--- Provided data Enclosed Below ---
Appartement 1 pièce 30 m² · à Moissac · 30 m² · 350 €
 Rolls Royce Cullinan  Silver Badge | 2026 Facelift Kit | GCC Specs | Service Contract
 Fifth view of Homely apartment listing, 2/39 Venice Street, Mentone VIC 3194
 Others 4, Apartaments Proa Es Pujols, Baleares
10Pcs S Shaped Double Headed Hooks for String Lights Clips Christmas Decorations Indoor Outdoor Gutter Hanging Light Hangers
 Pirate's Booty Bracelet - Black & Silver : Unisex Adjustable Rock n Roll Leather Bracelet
--- End of Enclosed Provided data ---
--- Provided data Enclosed Below ---
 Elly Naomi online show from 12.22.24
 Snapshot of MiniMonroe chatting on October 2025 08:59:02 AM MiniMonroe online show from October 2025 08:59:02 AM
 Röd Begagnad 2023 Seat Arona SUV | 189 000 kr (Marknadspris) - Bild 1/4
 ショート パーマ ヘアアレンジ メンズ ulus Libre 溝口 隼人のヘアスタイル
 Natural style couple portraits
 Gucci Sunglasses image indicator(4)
--- End of Enclosed Provided data ---
--- Provided data Enclosed Below ---
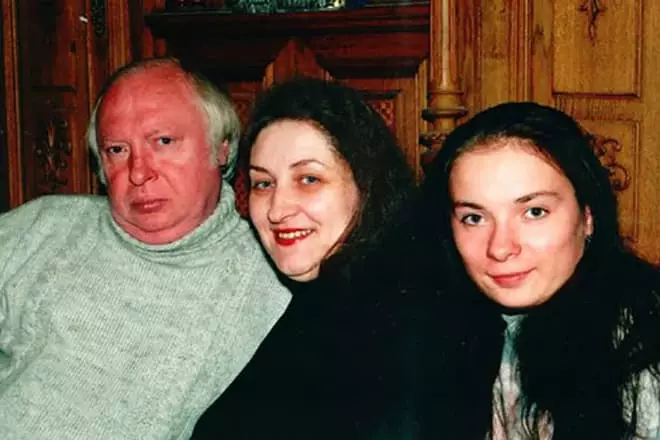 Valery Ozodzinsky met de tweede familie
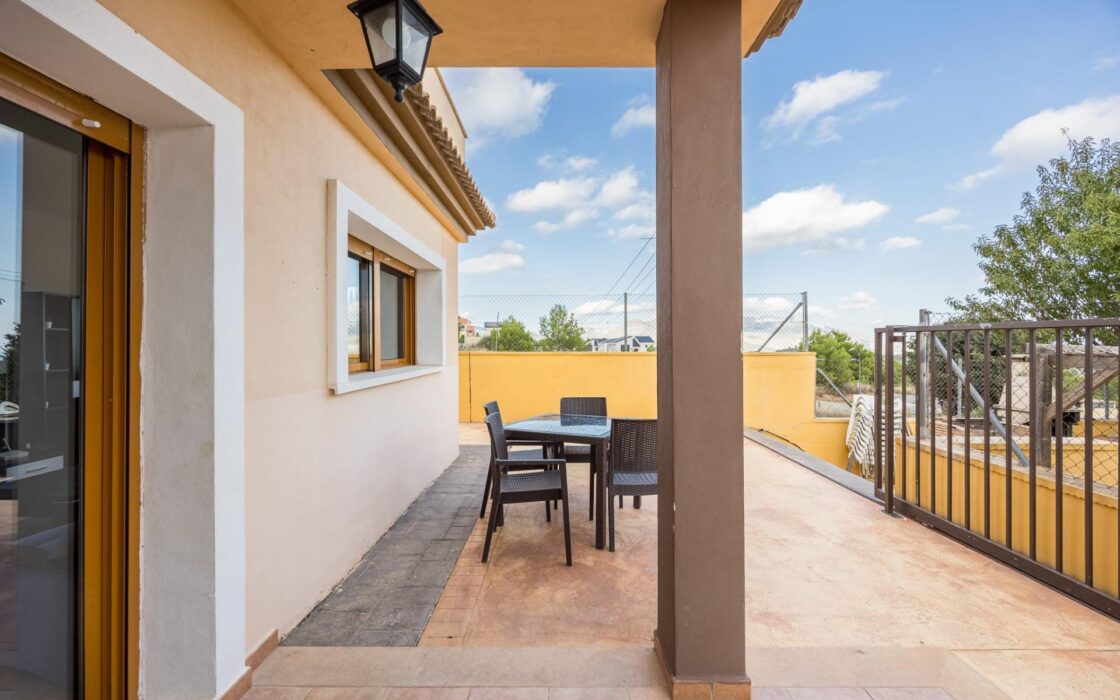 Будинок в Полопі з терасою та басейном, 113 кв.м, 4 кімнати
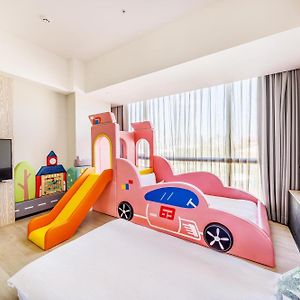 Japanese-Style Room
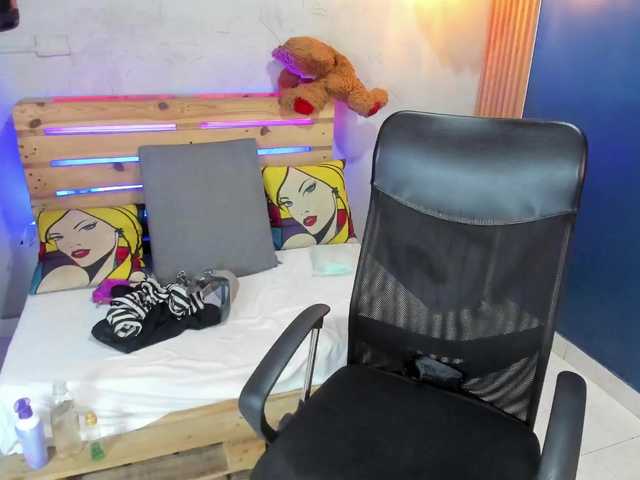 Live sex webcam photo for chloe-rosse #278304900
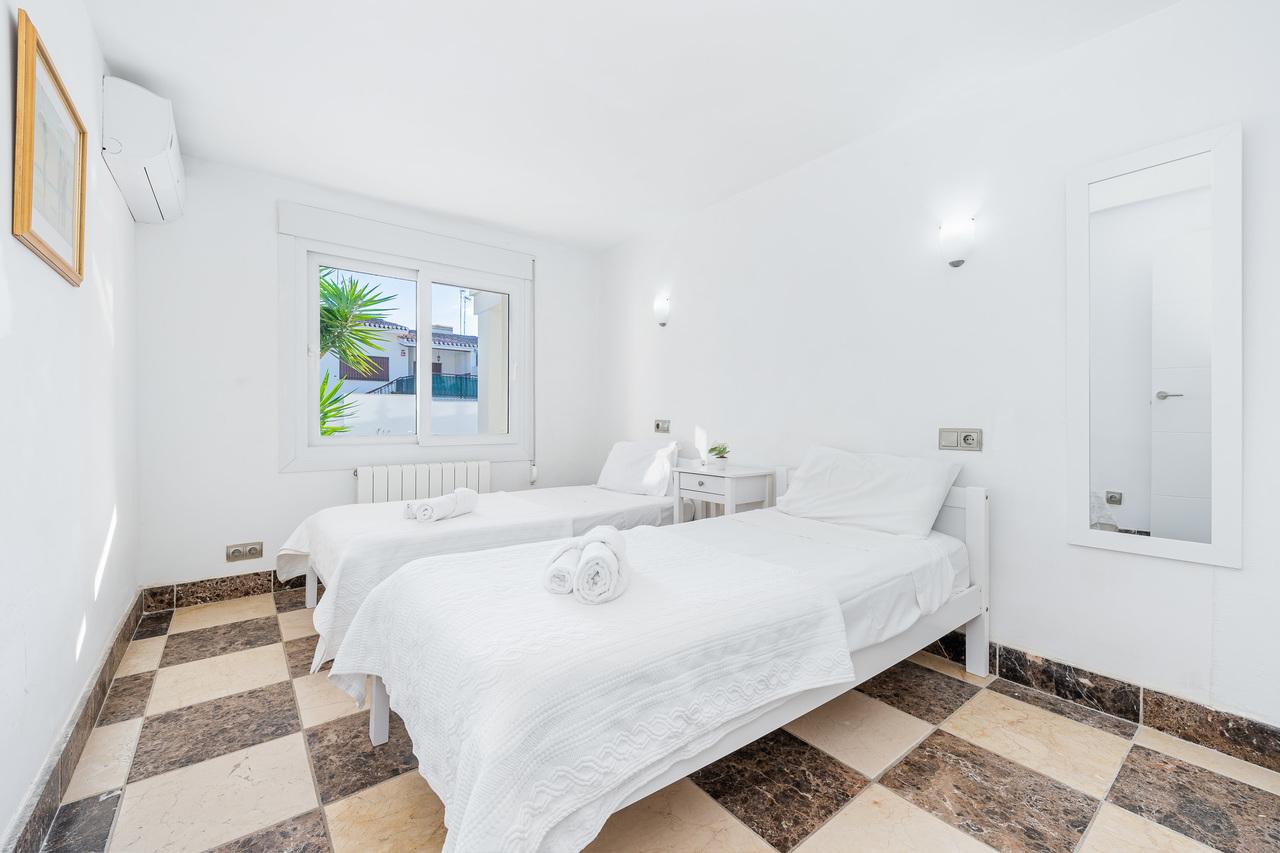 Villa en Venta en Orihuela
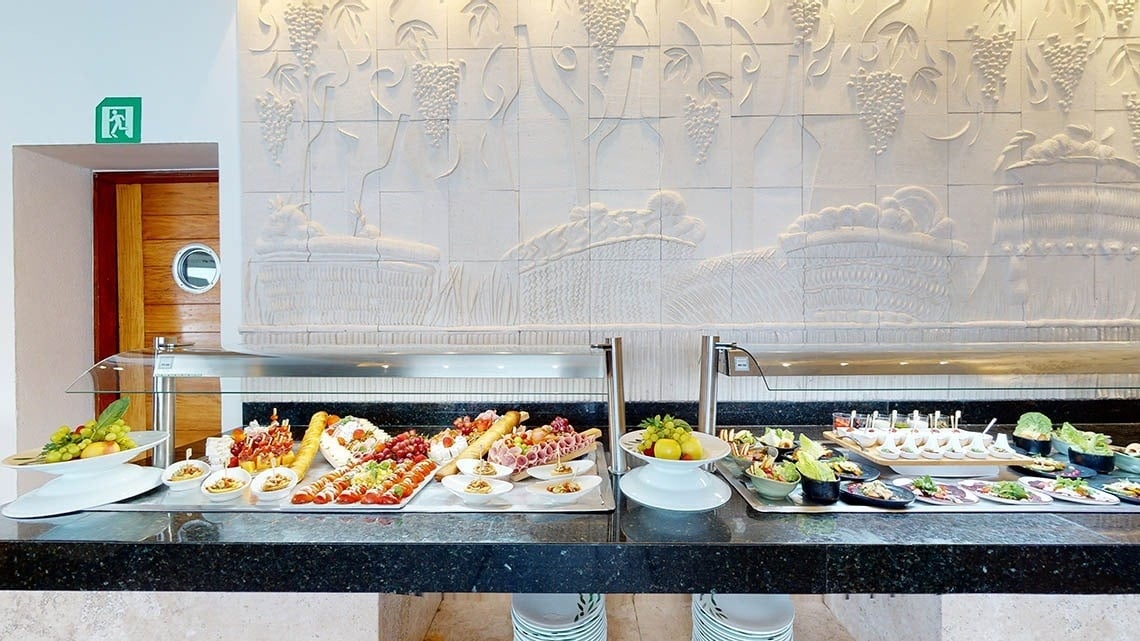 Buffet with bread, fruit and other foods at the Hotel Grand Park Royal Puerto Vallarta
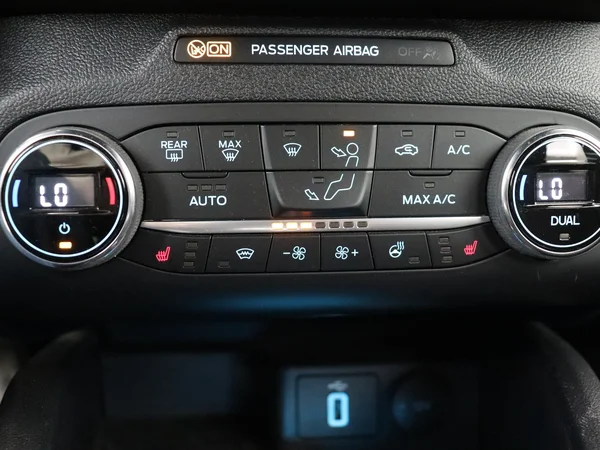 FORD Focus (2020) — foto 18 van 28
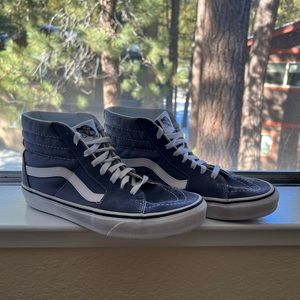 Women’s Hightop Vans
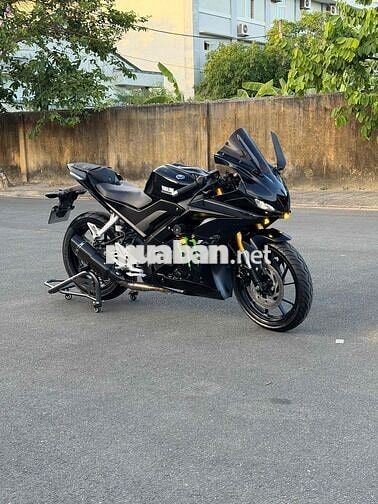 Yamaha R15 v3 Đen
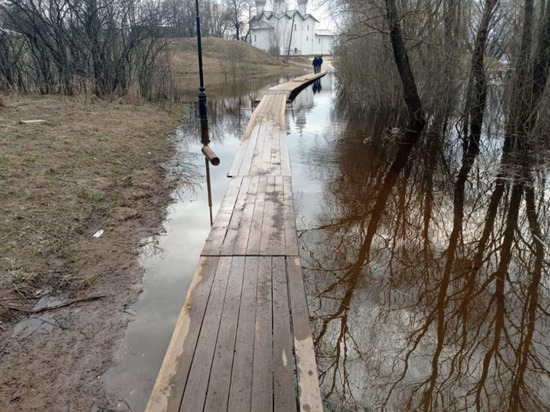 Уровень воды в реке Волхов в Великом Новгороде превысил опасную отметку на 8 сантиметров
--- End of Enclosed Provided data ---
◆ Try it: Look through the data above. Each line containing the word "online" needs to be copied.

◆ Response to this exercise:
 Elly Naomi online show from 12.22.24
 Snapshot of MiniMonroe chatting on October 2025 08:59:02 AM MiniMonroe online show from October 2025 08:59:02 AM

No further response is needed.